#### About this task:
For each record below, retype the text exactly and omit any image.

#### Saved data entries:
+++
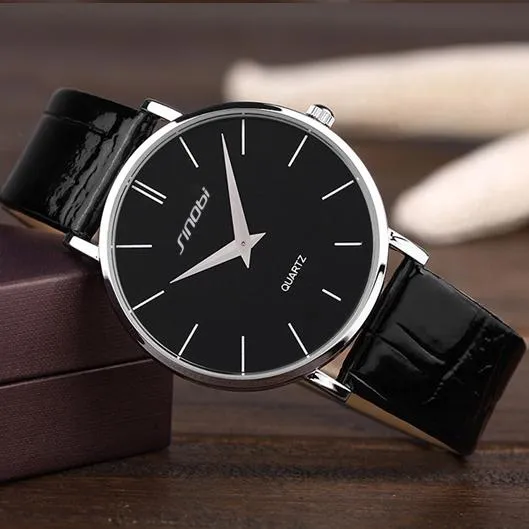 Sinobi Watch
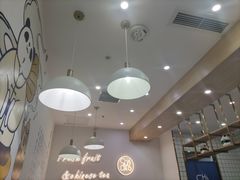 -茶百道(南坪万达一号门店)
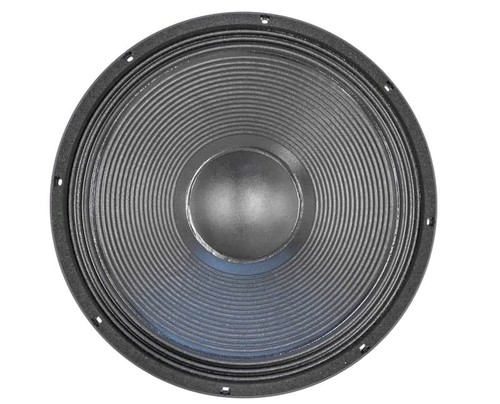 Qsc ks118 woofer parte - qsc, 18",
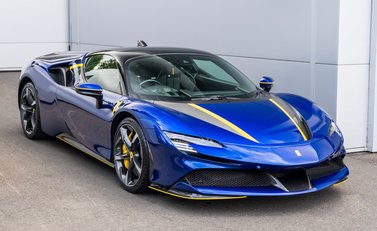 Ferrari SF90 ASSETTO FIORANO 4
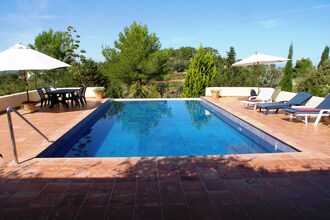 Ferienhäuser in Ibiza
+++
#### Written answer:
 Sinobi Watch
 -茶百道(南坪万达一号门店)
 Qsc ks118 woofer parte - qsc, 18",
 Ferrari SF90 ASSETTO FIORANO 4
 Ferienhäuser in Ibiza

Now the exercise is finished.